:: RAW DATA

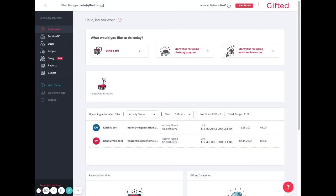Hopefully this answers all of your questions, but if you need any more assistance, you can always reach out to the Help Center at support.gifted.co. Have a good day. Bye.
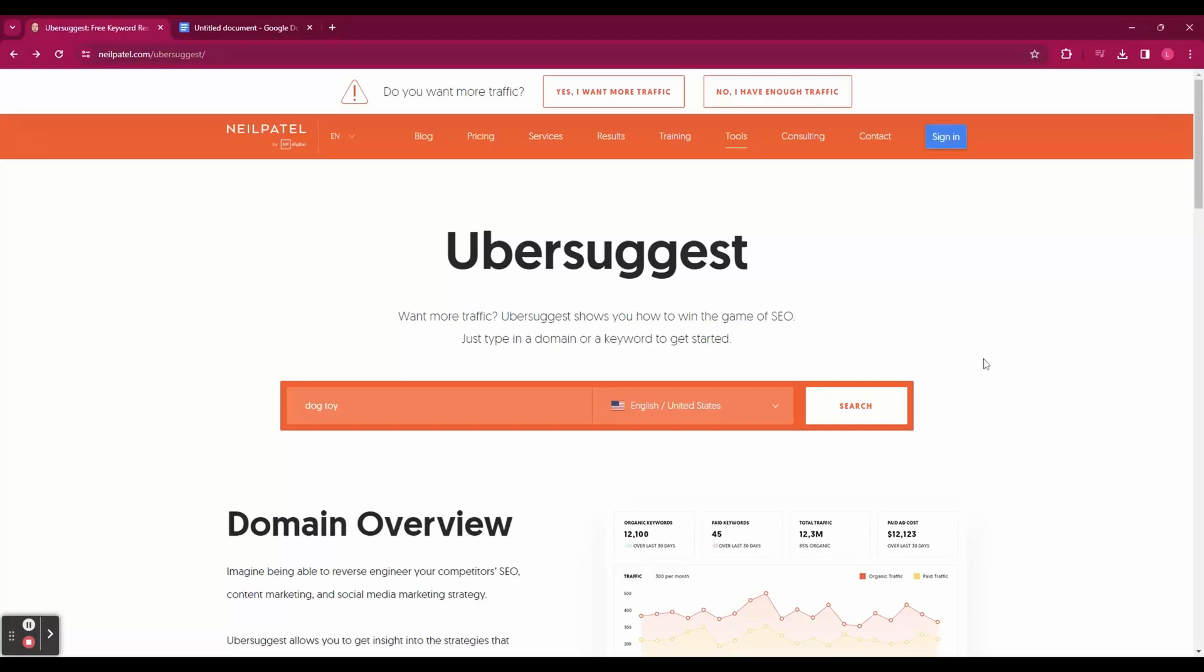Hey guys, in today's video I'm going to show you how to use Ubersuggest, a free keyword research tool that can help you optimize your blog posts for SEO.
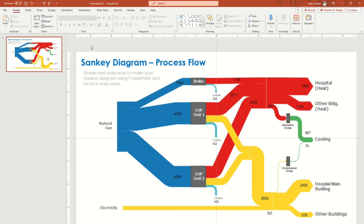Hello guys, welcome back to another video. In this video we are going to learn how to make a Sankey diagram in Microsoft PowerPoint and Microsoft Excel in a really easy and simple way. Let's get started.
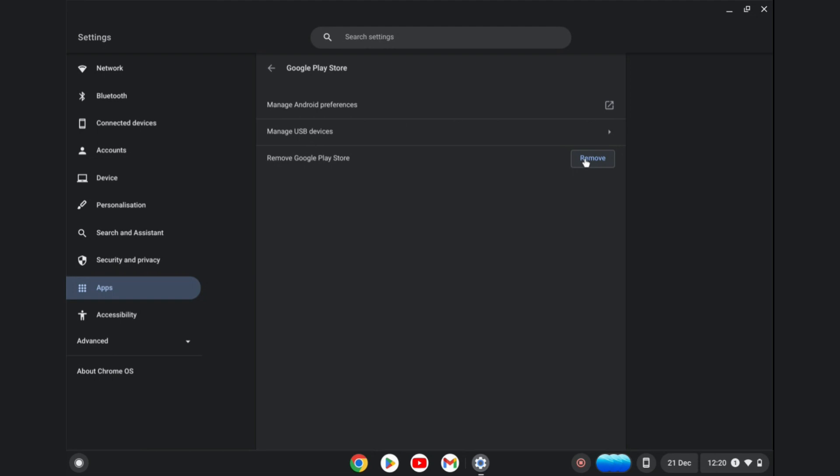That's how to remove Google Play Store from Chromebook. Hope you found this video helpful and informative.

::::

> [ABOUT THIS EXERCISE]: Only the listing above, set down exactly and without pictures, belongs in the answer.

> [WORKED SOLUTION]:
Hopefully this answers all of your questions, but if you need any more assistance, you can always reach out to the Help Center at support.gifted.co. Have a good day. Bye.
Hey guys, in today's video I'm going to show you how to use Ubersuggest, a free keyword research tool that can help you optimize your blog posts for SEO.
Hello guys, welcome back to another video. In this video we are going to learn how to make a Sankey diagram in Microsoft PowerPoint and Microsoft Excel in a really easy and simple way. Let's get started.
That's how to remove Google Play Store from Chromebook. Hope you found this video helpful and informative.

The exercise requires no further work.